Histology and Histochemistry

To highlight the matrix-rich networks surrounding spheroids of uveal melanoma cells, tissues were stained with PAS, omitting hematoxylin counterstaining to reduce visual noise, and imaged by black and white photography with a green filter (or the selection of the green channel for digital photography) to further highlight the PAS-positive patterns (Folberg et al, 1993). Failure to eliminate hematoxylin counterstaining with the PAS-stain has resulted in a 50% reduction in the histologic detection of matrix-rich patterns (McLean et al, 1997).

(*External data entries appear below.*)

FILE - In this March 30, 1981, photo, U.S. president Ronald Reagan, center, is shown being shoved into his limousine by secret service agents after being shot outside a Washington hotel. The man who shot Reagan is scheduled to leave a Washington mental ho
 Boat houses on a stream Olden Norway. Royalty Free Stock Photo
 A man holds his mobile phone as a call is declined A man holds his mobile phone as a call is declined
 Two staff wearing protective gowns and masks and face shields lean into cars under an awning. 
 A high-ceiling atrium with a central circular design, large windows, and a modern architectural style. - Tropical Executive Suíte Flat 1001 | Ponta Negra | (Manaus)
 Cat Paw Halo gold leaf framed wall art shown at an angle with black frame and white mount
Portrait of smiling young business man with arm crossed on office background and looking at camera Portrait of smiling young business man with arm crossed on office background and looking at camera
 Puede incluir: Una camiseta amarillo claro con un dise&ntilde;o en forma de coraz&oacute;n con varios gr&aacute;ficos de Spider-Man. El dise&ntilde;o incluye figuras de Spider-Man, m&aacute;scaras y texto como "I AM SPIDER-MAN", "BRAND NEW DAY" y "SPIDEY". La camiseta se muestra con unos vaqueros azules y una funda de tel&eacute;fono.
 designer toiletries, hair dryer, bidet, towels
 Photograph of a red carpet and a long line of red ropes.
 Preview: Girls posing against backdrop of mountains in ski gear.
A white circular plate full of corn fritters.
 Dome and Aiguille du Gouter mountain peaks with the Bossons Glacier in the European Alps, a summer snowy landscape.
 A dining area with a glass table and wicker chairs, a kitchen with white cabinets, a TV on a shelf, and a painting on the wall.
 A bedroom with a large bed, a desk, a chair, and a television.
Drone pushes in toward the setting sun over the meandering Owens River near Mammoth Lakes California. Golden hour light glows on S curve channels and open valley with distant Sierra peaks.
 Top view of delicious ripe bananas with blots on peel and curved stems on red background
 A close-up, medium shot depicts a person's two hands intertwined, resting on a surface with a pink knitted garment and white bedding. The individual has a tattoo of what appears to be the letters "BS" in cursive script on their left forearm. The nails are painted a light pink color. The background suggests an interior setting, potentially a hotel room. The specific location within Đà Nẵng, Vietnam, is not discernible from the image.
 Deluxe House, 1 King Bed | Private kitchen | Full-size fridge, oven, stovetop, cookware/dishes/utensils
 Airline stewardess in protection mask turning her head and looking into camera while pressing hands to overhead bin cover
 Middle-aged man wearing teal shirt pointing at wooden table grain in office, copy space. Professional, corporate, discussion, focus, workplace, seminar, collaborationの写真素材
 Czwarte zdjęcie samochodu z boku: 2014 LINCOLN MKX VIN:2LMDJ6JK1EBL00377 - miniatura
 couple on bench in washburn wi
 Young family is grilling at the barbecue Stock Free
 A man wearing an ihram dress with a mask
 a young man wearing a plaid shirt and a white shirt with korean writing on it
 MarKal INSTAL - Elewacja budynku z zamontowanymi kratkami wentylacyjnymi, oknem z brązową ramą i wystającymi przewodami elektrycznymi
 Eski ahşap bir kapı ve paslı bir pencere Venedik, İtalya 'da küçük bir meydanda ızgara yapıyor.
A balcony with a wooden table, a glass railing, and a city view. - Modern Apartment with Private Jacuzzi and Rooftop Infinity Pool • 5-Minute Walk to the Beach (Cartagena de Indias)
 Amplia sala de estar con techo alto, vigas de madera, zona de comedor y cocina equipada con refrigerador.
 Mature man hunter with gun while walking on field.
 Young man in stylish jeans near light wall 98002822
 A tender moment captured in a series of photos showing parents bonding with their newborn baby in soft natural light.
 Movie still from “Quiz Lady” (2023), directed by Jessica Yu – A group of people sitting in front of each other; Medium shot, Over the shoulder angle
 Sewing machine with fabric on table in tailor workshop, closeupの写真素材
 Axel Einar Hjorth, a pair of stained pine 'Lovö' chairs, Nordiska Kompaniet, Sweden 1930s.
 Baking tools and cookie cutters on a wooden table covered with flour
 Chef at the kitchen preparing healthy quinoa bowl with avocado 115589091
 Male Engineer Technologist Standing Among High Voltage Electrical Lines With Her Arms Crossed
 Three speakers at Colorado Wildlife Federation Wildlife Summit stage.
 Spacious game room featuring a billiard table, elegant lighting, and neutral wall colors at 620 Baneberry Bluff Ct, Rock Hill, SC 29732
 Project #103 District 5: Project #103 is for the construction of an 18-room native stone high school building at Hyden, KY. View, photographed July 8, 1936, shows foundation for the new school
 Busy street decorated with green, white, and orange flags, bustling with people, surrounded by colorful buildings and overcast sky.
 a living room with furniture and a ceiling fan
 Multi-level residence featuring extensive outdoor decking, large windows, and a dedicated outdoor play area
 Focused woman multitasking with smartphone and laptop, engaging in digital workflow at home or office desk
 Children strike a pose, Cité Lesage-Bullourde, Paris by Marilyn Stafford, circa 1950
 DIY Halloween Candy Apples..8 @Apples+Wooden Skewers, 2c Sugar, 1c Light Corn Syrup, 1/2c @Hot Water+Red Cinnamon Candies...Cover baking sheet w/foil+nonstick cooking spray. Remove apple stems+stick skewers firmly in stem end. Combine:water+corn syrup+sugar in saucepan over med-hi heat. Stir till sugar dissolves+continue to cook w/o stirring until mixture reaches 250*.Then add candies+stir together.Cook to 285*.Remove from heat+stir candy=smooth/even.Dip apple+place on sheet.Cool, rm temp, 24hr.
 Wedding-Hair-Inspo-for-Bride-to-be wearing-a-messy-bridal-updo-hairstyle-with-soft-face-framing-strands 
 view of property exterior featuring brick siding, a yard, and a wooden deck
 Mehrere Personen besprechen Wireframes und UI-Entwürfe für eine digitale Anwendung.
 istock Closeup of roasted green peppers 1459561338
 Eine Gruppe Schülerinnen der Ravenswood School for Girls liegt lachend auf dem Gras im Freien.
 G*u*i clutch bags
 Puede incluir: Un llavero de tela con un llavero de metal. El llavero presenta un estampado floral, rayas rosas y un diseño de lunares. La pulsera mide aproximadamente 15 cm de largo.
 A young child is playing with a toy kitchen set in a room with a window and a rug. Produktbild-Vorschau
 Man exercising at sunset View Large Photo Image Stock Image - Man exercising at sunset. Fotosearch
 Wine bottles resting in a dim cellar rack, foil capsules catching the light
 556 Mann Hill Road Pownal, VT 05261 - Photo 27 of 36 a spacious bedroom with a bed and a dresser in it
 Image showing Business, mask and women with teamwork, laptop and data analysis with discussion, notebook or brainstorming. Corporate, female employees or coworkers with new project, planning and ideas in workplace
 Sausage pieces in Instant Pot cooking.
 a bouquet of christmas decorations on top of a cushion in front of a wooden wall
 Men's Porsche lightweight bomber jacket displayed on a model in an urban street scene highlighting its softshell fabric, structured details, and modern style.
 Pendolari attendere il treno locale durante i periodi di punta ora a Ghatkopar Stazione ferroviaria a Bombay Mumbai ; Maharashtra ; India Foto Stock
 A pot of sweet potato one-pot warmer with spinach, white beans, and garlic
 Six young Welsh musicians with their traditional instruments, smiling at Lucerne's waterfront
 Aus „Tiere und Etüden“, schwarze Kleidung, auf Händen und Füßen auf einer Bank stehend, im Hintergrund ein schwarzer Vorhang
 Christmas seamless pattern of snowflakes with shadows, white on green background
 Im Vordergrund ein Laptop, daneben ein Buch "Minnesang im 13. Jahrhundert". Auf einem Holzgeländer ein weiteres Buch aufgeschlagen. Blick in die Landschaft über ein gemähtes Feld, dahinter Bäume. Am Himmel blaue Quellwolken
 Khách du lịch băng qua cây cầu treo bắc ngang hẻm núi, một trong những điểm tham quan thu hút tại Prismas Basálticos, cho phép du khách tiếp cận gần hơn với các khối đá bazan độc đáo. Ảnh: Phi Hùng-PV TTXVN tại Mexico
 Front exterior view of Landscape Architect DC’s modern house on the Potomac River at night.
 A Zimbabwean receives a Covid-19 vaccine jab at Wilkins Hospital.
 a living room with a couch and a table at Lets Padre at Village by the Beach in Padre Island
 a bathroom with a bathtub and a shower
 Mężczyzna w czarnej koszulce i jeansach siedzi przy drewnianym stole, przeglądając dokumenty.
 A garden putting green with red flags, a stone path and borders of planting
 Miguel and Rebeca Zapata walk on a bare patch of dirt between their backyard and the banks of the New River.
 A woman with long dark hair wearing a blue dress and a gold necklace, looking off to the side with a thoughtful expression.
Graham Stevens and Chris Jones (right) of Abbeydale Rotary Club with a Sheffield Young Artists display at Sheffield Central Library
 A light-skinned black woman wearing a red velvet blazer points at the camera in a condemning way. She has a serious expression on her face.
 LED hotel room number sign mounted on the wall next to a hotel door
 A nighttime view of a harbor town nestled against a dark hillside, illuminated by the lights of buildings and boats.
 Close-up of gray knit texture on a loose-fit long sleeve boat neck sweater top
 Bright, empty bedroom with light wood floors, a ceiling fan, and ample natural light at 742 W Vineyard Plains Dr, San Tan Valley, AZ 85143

Transmission Electron Microscopy

For transmission electron microscopy studies, tissue from three primary human uveal choroidal and ciliary body melanomas was fixed immediately after enucleation in 4% buffered glutaraldehyde and was postfixed in osmium tetroxide. After dehydration in ethanol and propylene, tissues were embedded in Epon. The tissue samples were microdissected under magnification to identify areas that showed a lobular organization suggestive of the presence of PAS-positive matrix patterns. One-micron sections were cut from at least 15 regions of each tumor and stained with toluidine blue. Specimens were examined by light microscopy to identify the presence of matrix patterns. Ultrathin sections stained with uranyl acetate and lead citrate were examined with a Philips EM410 transmission electron microscope (Philips, Eindhoven, The Netherlands). Each electron micrograph was coded as corresponding to a pattern detected on one-micron sections, and maps of the patterns were reconstructed by fashioning montages of electron micrographs.

Immunohistochemistry

Slides adjacent to those containing PAS-positive loops were deparaffinized in xylene and rehydrated through a decreasing ethanol gradient. The slides were then rinsed in distilled water for 10 minutes, followed by antigen unmasking. Slides were then rinsed in PBS for 5 minutes. For double-labeling laminin and fibrinogen, slides were incubated with monoclonal anti-laminin antibody (Sigma L8271, clone Lam 89) at a dilution titer of 1:200 for 30 minutes at room temperature. Slides were then rinsed in protein blocking solution (DAKO, Carpinteria, California) for 10 minutes followed by detection with Alexa Fluor 488 goat anti-mouse IgG (Molecular Probes, Eugene, Oregon) for 30 minutes at a dilution of 1:400. Slides were then placed in double-stain blocking solution (DAKO) for 5 minutes, followed by incubation in rabbit anti-human fibrinogen antibody (DAKO; Lot 097602) at a dilution titer of 1:10,000. Antibody binding was detected with Alexa Fluor 594 (Molecular Probes A11012) for 30 minutes at a dilution titer of 1:400. Slides were rinsed in buffer and then mounted in Faramount Aqueous Mounting Medium (DAKO).

For all staining procedures, secondary antibody was omitted in negative controls. Immunohistochemical double-labeled preparations were examined using an Olympus BX40 microscope equipped for fluorescence (Olympus America, Melville, New York). Digital images were captured with an Optronics MagnaFire Camera (Optronics, Goleta, California) and channels were merged (Fig. 5) with MagnaFire software (Optronics).

Note Added in Proof

Clarijs et al (2002) recently described the conduction of fluid in laminin-positive looping patterns in a xenograft model of cutaneous and uveal melanoma and termed the patterns a “fluid-conducting meshwork.”